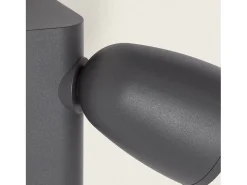 Aplique de Pared Exterior Aluminio Abel Gris Oscuro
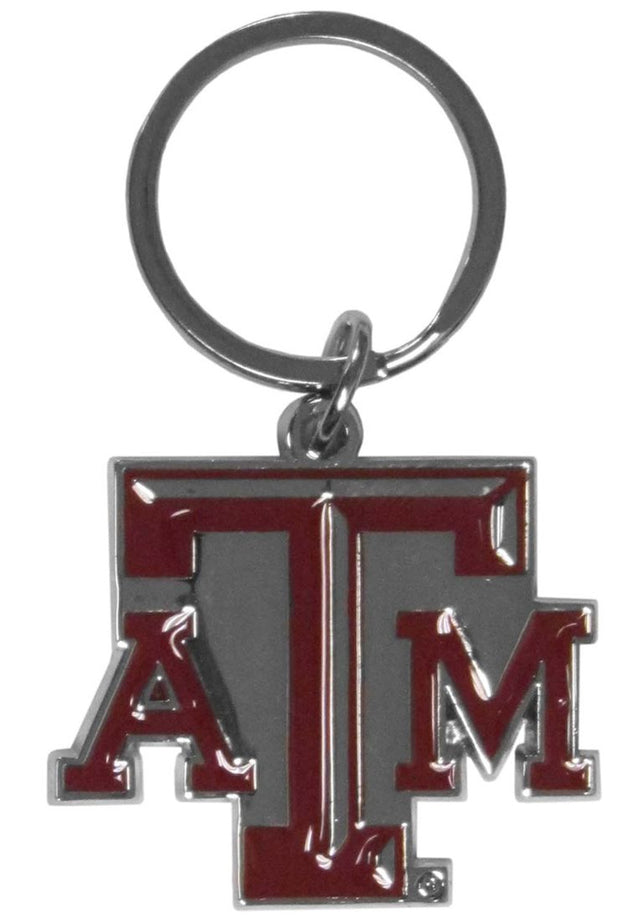 德克萨斯 A&amp;M Aggies 镀铬徽标钥匙扣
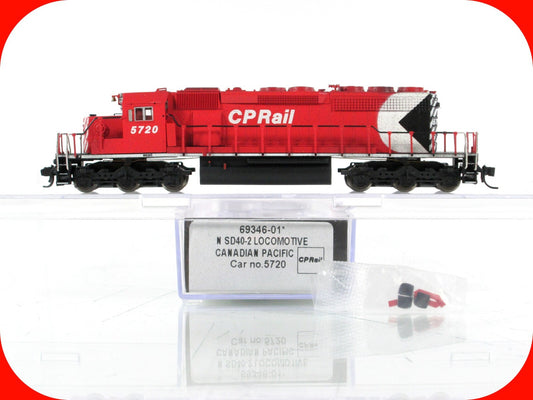 N Scale *CANADIAN PACIFIC* Weathered SD40-2 #5720 - Intermountain 69346, DCC Rdy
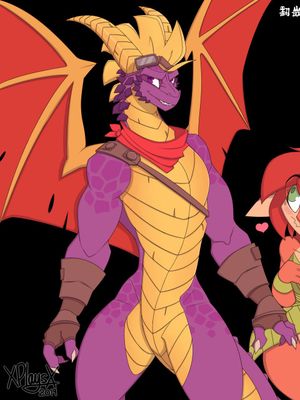 Adult Spyro Comic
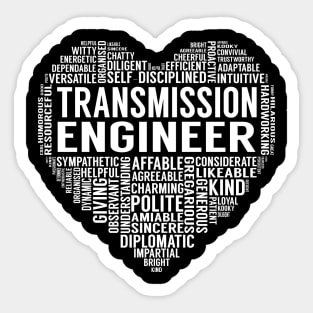 Transmission Engineer Heart Sticker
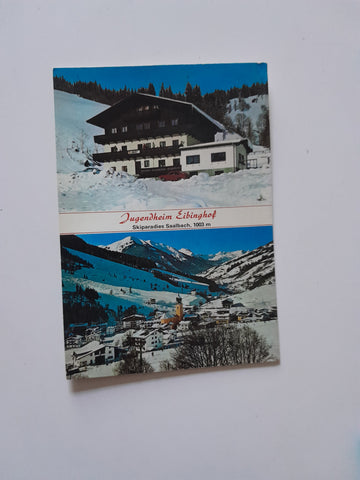 AK Saalbach 7. Jugendheim Eibinghof Bes. A. Riedlsperger.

Exercise goal »
Repeat, exactly and with no pictures, each line from the line that holds "德克萨斯 A&amp;M Aggies 镀铬徽标钥匙扣" through the last line of the records above.

Written answer »
 德克萨斯 A&amp;M Aggies 镀铬徽标钥匙扣
 N Scale *CANADIAN PACIFIC* Weathered SD40-2 #5720 - Intermountain 69346, DCC Rdy
 Adult Spyro Comic
 Transmission Engineer Heart Sticker
 AK Saalbach 7. Jugendheim Eibinghof Bes. A. Riedlsperger.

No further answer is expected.